In the upper picture the ct-coordinate At of the event A (the reading of W2) is labeled B, thus giving the elapsed time between the two events, measured with W1 and W2, as OB. For a comparison, the length of the time interval OA, measured with W′, must be transformed to the scale of the ct-axis. This is done by the invariant hyperbola (see also Fig. 2-8) through A, connecting all events with the same spacetime interval from the origin as A. This yields the event C on the ct-axis, and obviously: OC < OB, the "moving" clock W′ runs slower.
To show the mutual time dilation immediately in the upper picture, the event D may be constructed as the event at x′ = 0 (the location of clock W′ in S′), that is simultaneous to C (OC has equal spacetime interval as OA) in S′. This shows that the time interval OD is longer than OA, showing that the "moving" clock runs slower.
In the lower picture the frame S is moving with velocity −v in the frame S′ at rest. The worldline of clock W is the ct-axis (slanted to the left), the worldline of W′1 is the vertical ct′-axis, and the worldline of W′2 is the vertical through event C, with ct′-coordinate D. The invariant hyperbola through event C scales the time interval OC to OA, which is shorter than OD; also, B is constructed (similar to D in the upper pictures) as simultaneous to A in S, at x = 0. The result OB > OC corresponds again to above.
The word "measure" is important. In classical physics an observer
cannot affect an observed object, but the object's state of motion can affect the observer's observations of the object.
Twin paradox
Many introductions to special relativity illustrate the differences
between Galilean relativity and special relativity by posing a series of
"paradoxes". These paradoxes are, in fact, ill-posed problems,
resulting from our unfamiliarity with velocities comparable to the speed
of light. The remedy is to solve many problems in special relativity
and to become familiar with its so-called counter-intuitive predictions.

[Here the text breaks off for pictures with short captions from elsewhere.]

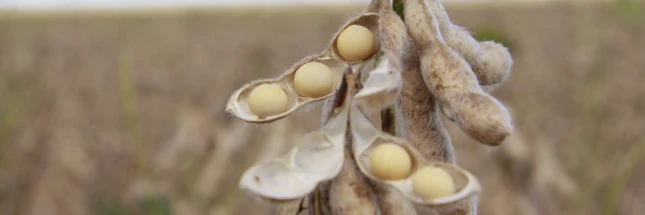 Adapar prorroga prazo de semeadura da soja para produção de sementes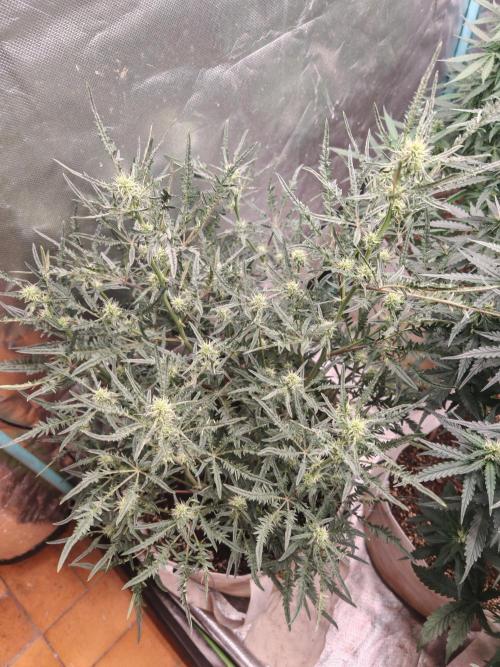 Concours KHALIFA GENETICS. Week 4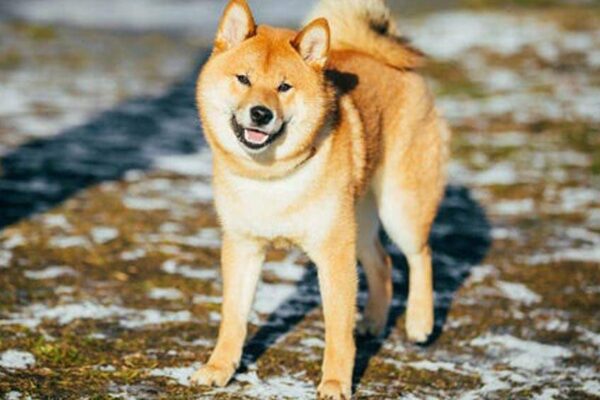 Hokkaido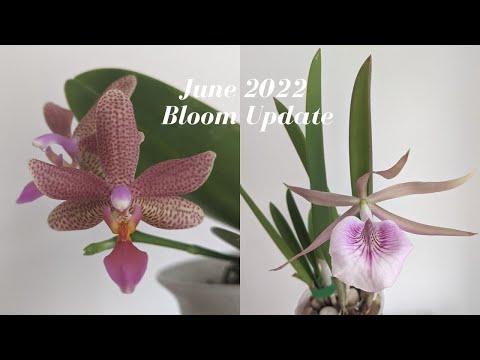 June 2022 Orchid Collection Bloom Update | Orchids Love Summer in NYC 🌸❤️
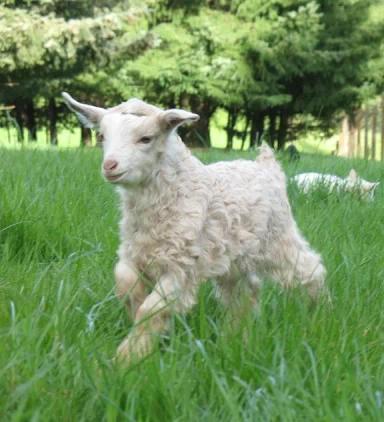 Пигорская порода коз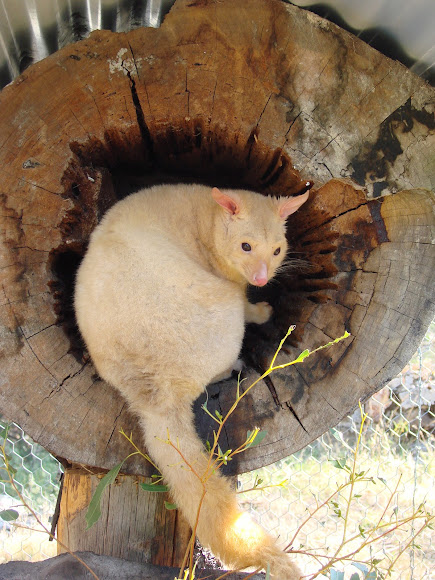 Golden Brushtail Possum Project Noah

The geometrical approach to studying spacetime is considered one of the
best methods for developing a modern intuition.
The twin paradox is a thought experiment
involving identical twins, one of whom makes a journey into space in a
high-speed rocket, returning home to find that the twin who remained on
Earth has aged more. This result appears puzzling because each twin
observes the other twin as moving, and so at first glance, it would
appear that each should find the other to have aged less. The twin
paradox sidesteps the justification for mutual time dilation presented
above by avoiding the requirement for a third clock. Nevertheless, the twin paradox is not a true paradox because it is easily understood within the context of special relativity.
The impression that a paradox exists stems from a
misunderstanding of what special relativity states. Special relativity
does not declare all frames of reference to be equivalent, only inertial
frames. The traveling twin's frame is not inertial during periods when
she is accelerating. Furthermore, the difference between the twins is
observationally detectable: the traveling twin needs to fire her rockets
to be able to return home, while the stay-at-home twin does not.
Figure 2–11. Spacetime explanation of the twin paradox
These distinctions should result in a difference in the twins' ages.
The spacetime diagram of Fig. 2-11 presents the simple case of a twin
going straight out along the x axis and immediately turning back. From
the standpoint of the stay-at-home twin, there is nothing puzzling about
the twin paradox at all. The proper time measured along the traveling
twin's world line from O to C, plus the proper time measured from C to
B, is less than the stay-at-home twin's proper time measured from O to A
to B. More complex trajectories require integrating the proper time
between the respective events along the curve (i.e. the path integral) to calculate the total amount of proper time experienced by the traveling twin.
Complications arise if the twin paradox is analyzed from the traveling twin's point of view.
Weiss's nomenclature, designating the stay-at-home twin as Terence and the traveling twin as Stella, is hereafter used.
Stella is not in an inertial frame. Given this fact, it is
sometimes incorrectly stated that full resolution of the twin paradox
requires general relativity:
A pure SR analysis would be as
follows: Analyzed in Stella's rest frame, she is motionless for the
entire trip. When she fires her rockets for the turnaround, she
experiences a pseudo force which resembles a gravitational force. Figs. 2-6 and 2-11 illustrate the concept of lines (planes) of simultaneity: Lines parallel to the observer's x-axis (xy-plane)
represent sets of events that are simultaneous in the observer frame.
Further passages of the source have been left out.